Entries provided:
------------------------------------------------------------
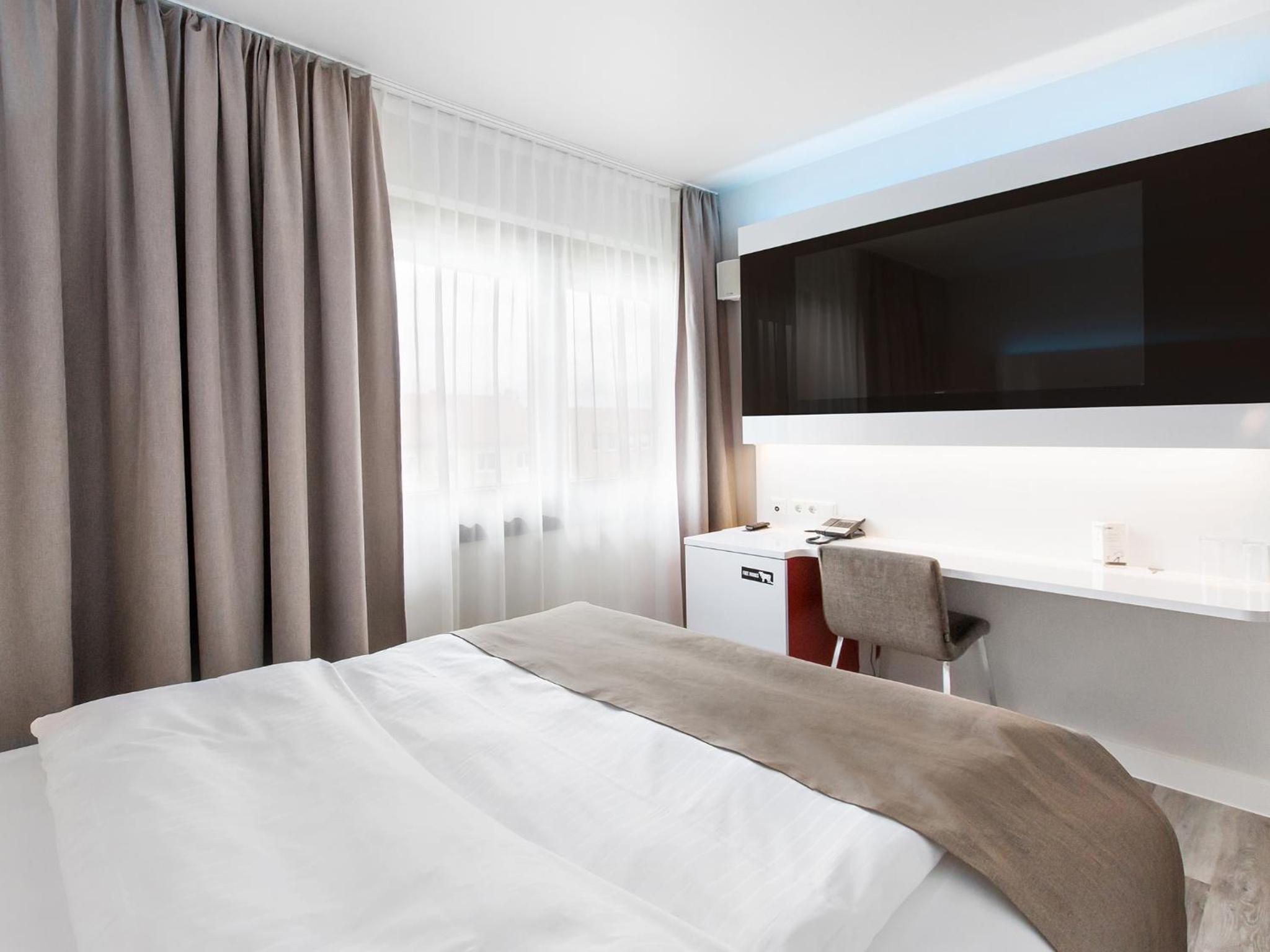 Standard Double Room - Photo 1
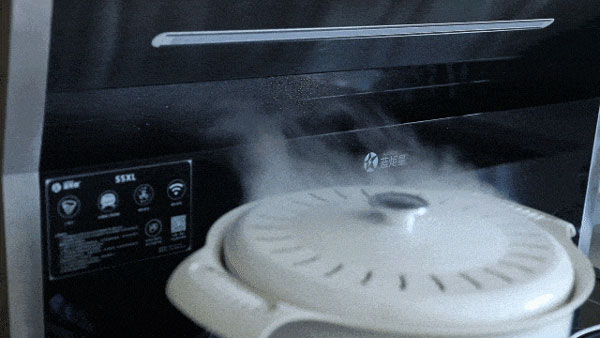 側(cè)吸加大風(fēng)輪營(yíng)造強(qiáng)勁吸力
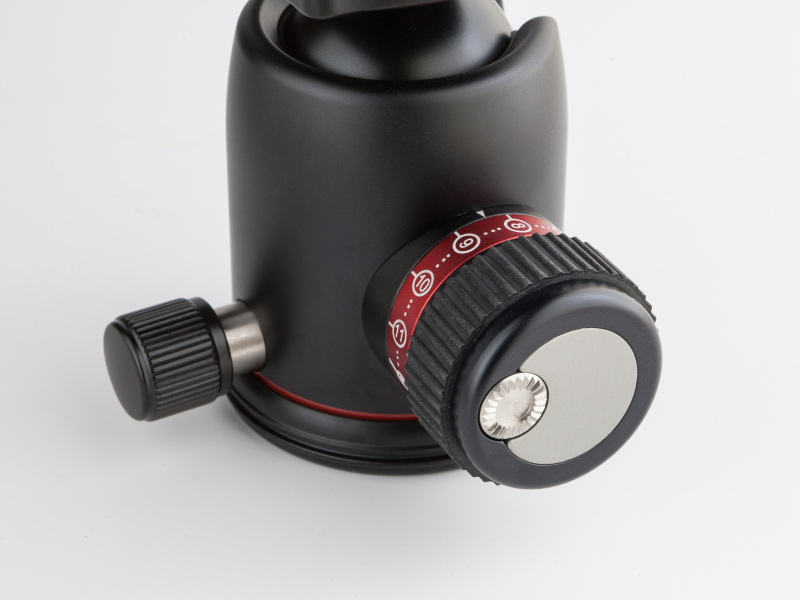 フリクション調整が可能。硬めに設定しておけば、カメラがいきなり倒れる心配が軽減する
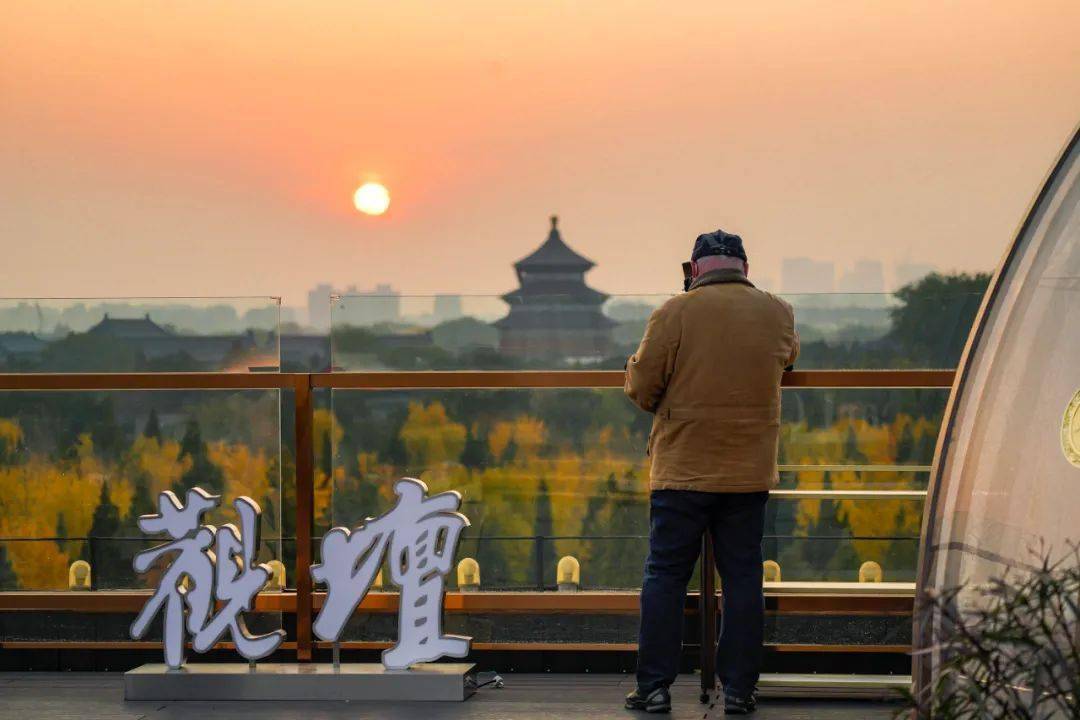 "家住天坛公园附近的裴胜韬同爱人站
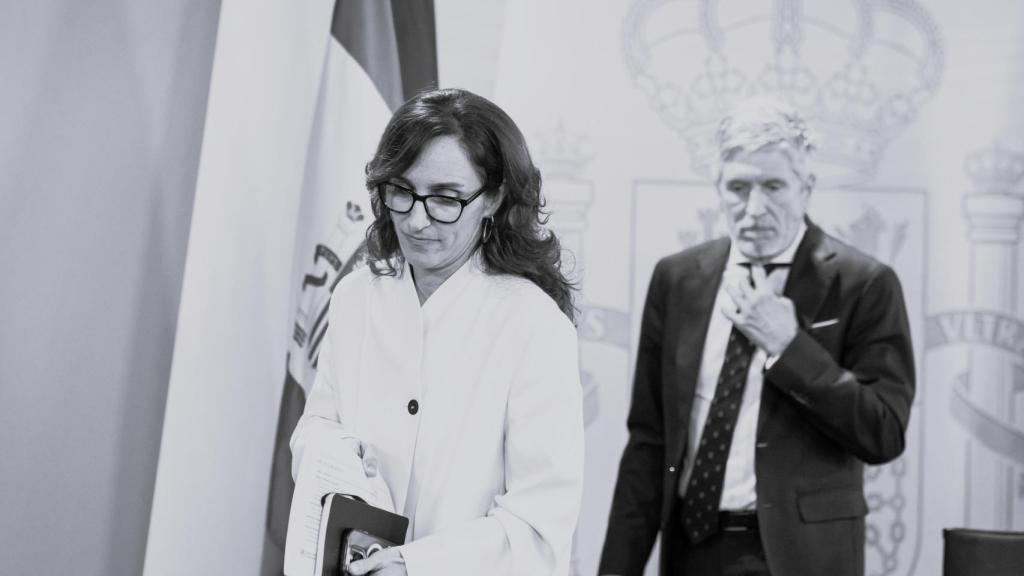 La ministra de Sanidad y el de Interior, este miércoles.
------------------------------------------------------------
Everything in the records is to be repeated verbatim except the pictures.

 Standard Double Room - Photo 1
 側(cè)吸加大風(fēng)輪營(yíng)造強(qiáng)勁吸力
 フリクション調整が可能。硬めに設定しておけば、カメラがいきなり倒れる心配が軽減する
 "家住天坛公园附近的裴胜韬同爱人站
 La ministra de Sanidad y el de Interior, este miércoles.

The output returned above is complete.